(Data records)
────────────────
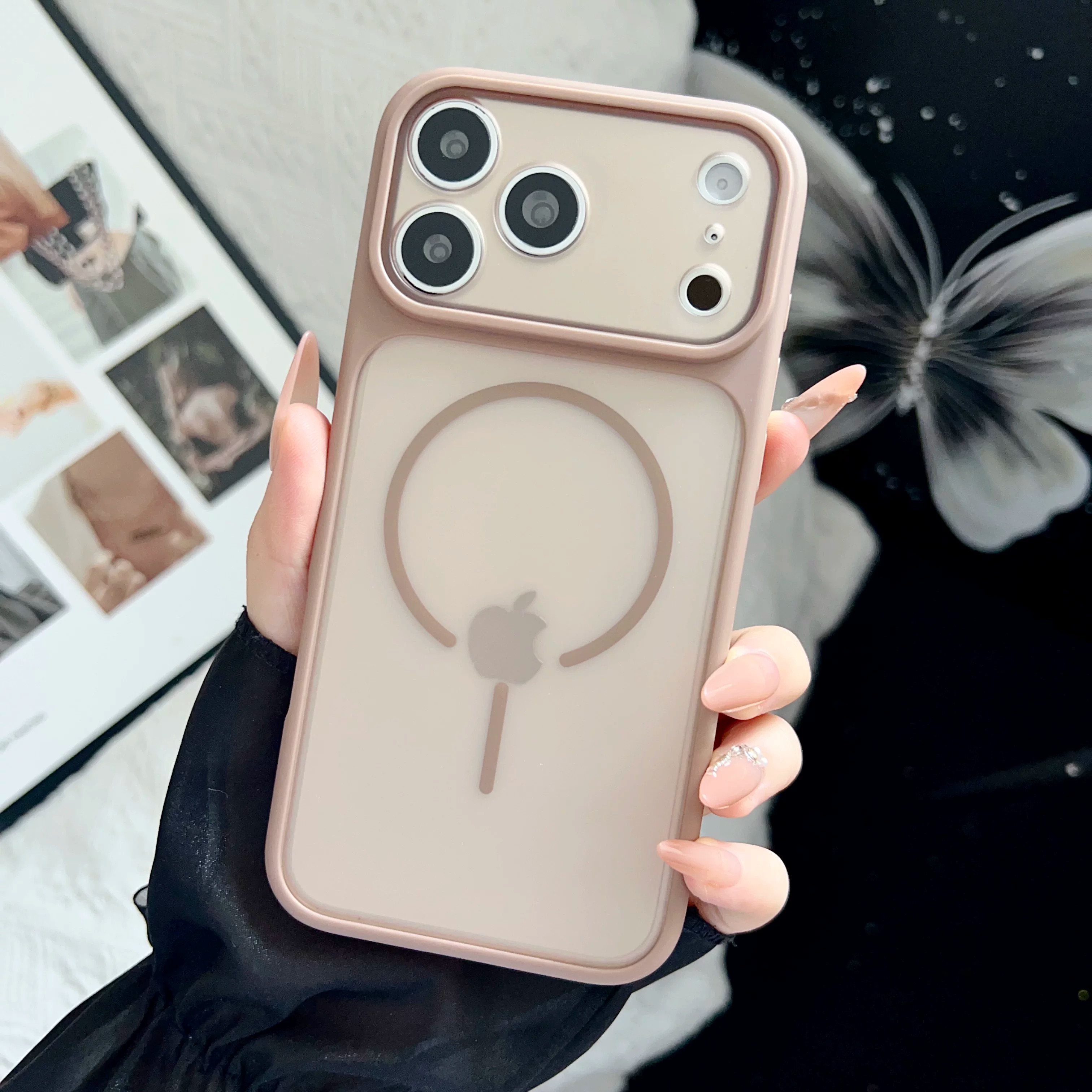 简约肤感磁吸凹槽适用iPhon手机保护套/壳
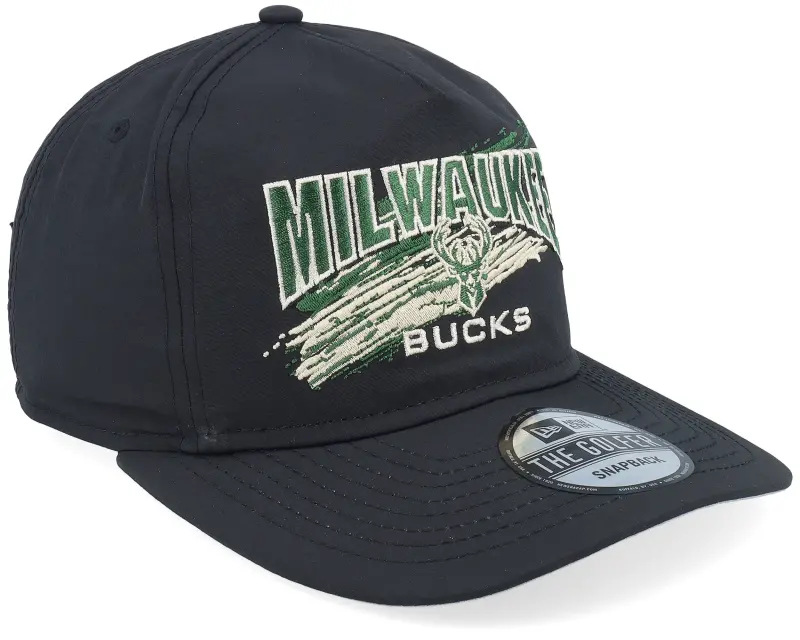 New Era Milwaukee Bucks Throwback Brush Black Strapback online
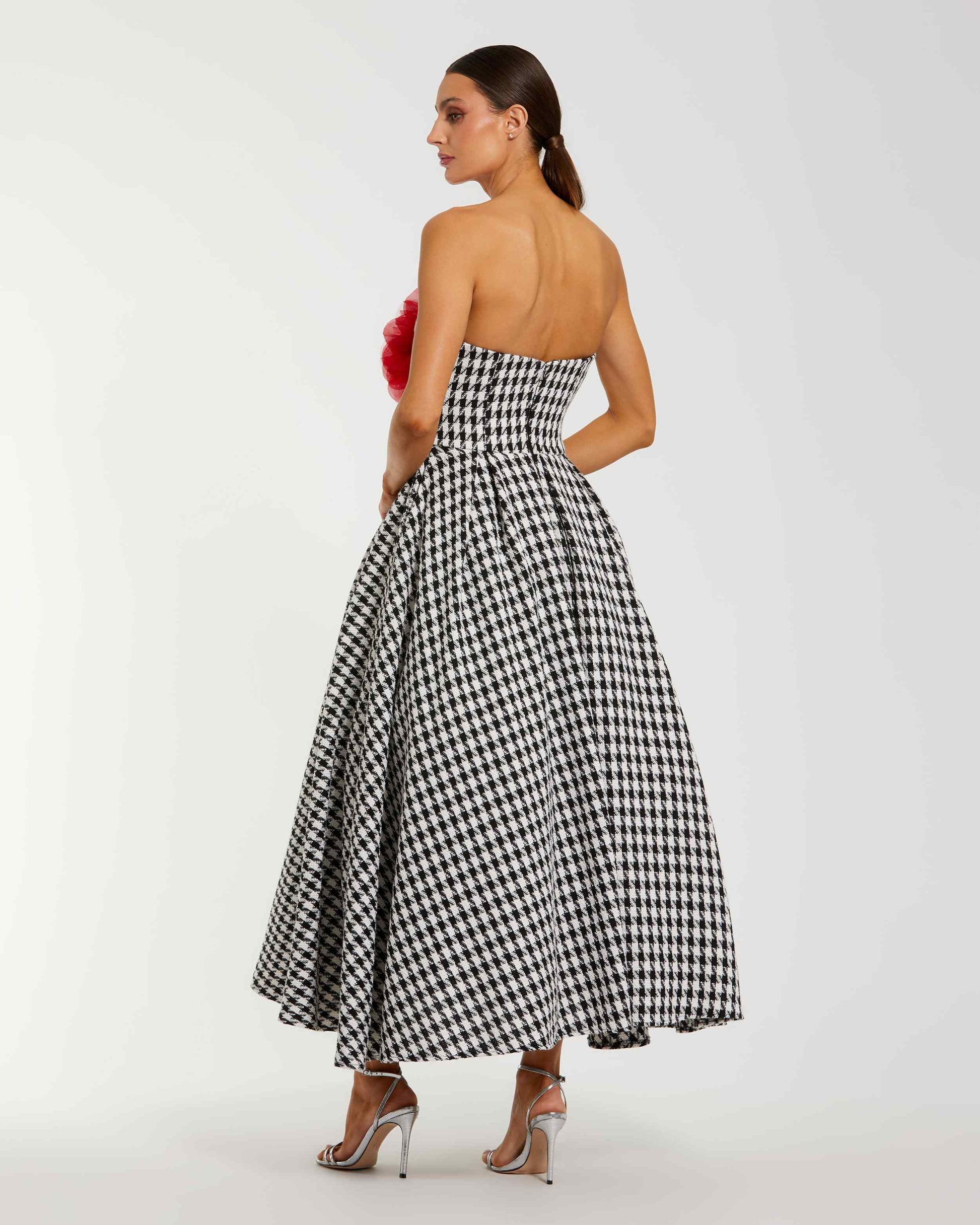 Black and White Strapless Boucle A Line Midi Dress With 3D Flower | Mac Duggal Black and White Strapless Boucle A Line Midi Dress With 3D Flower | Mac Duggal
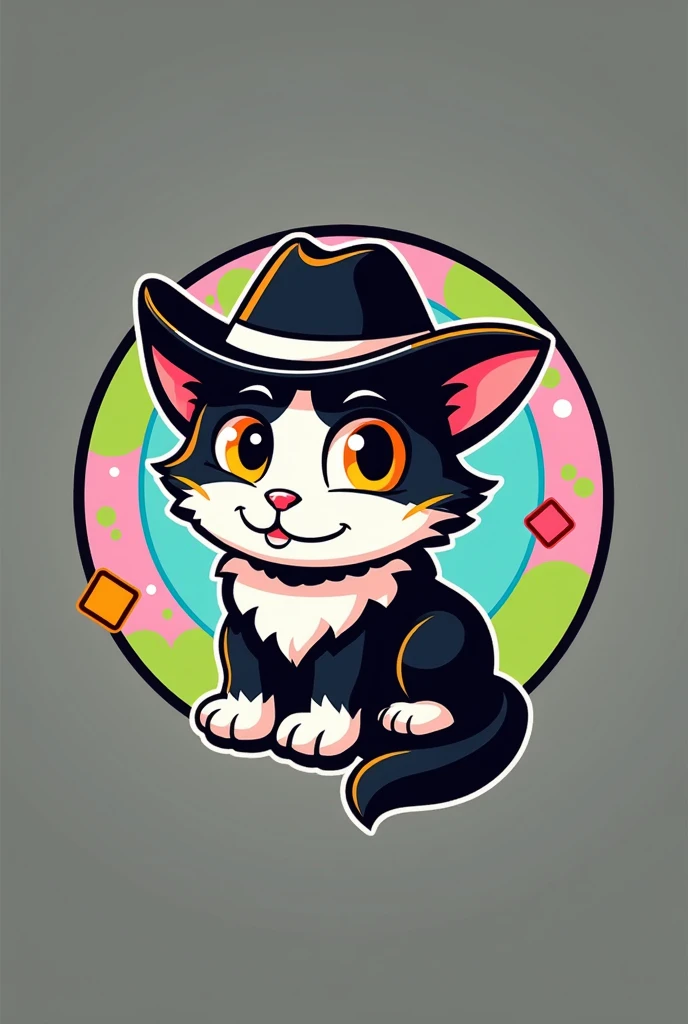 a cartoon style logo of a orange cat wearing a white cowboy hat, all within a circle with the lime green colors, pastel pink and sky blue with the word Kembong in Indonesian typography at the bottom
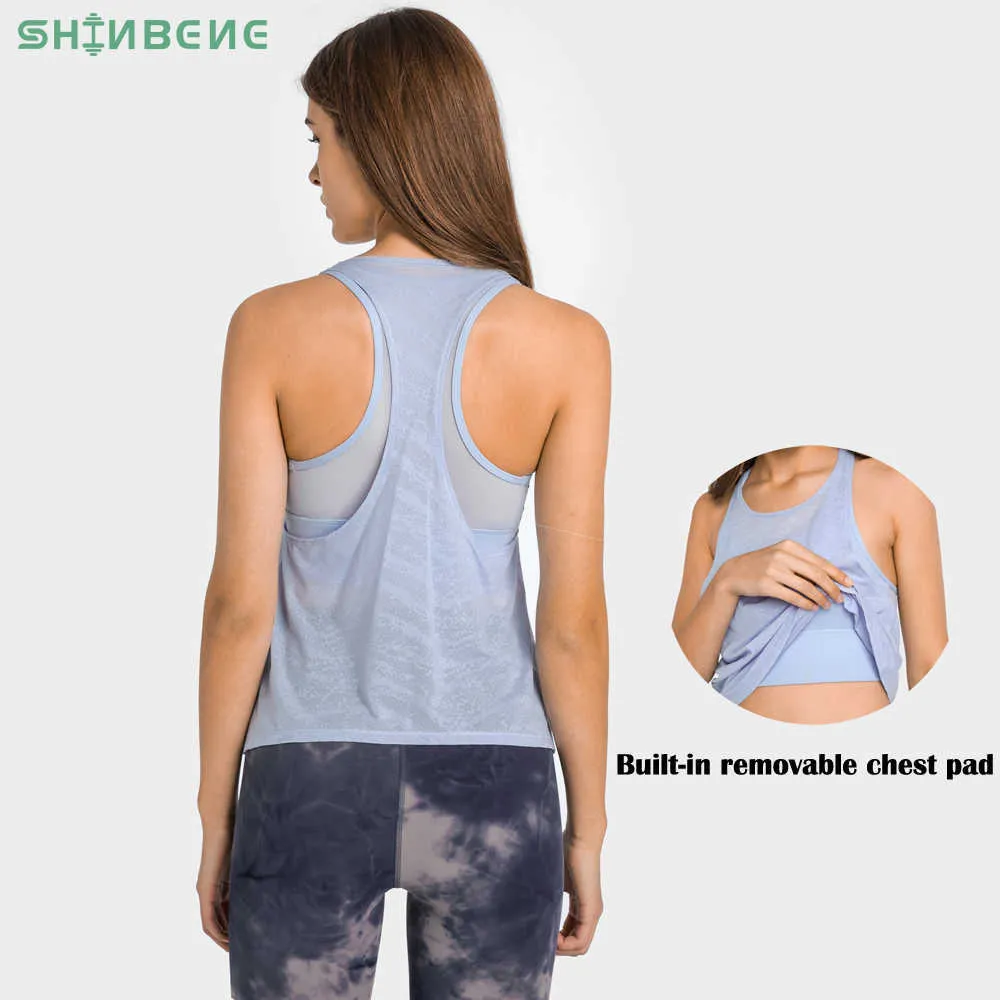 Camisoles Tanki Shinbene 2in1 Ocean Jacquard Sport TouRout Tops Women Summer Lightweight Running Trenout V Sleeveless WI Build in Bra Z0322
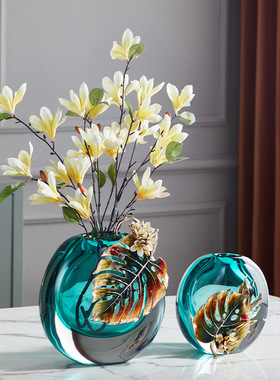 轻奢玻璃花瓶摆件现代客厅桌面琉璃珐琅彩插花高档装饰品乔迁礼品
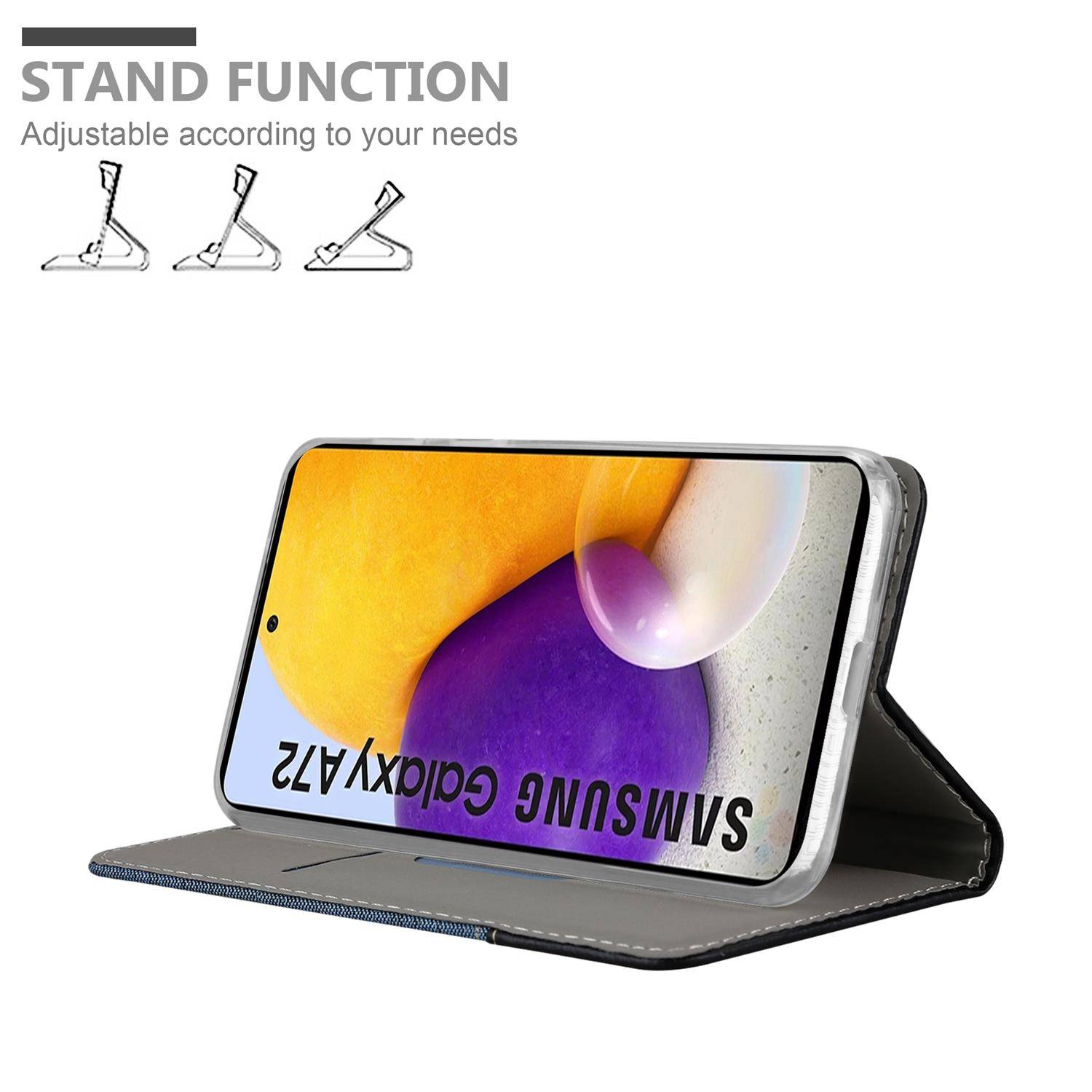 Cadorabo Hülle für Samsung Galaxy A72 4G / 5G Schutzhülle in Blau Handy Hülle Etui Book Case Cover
────────────────
__Exercise details__: Only the lines from the start of the records through the line containing "a cartoon style" should be repeated, word for word, with the pictures left out.

__Answer__:
 简约肤感磁吸凹槽适用iPhon手机保护套/壳
 New Era Milwaukee Bucks Throwback Brush Black Strapback online
 Black and White Strapless Boucle A Line Midi Dress With 3D Flower | Mac Duggal Black and White Strapless Boucle A Line Midi Dress With 3D Flower | Mac Duggal
 a cartoon style logo of a orange cat wearing a white cowboy hat, all within a circle with the lime green colors, pastel pink and sky blue with the word Kembong in Indonesian typography at the bottom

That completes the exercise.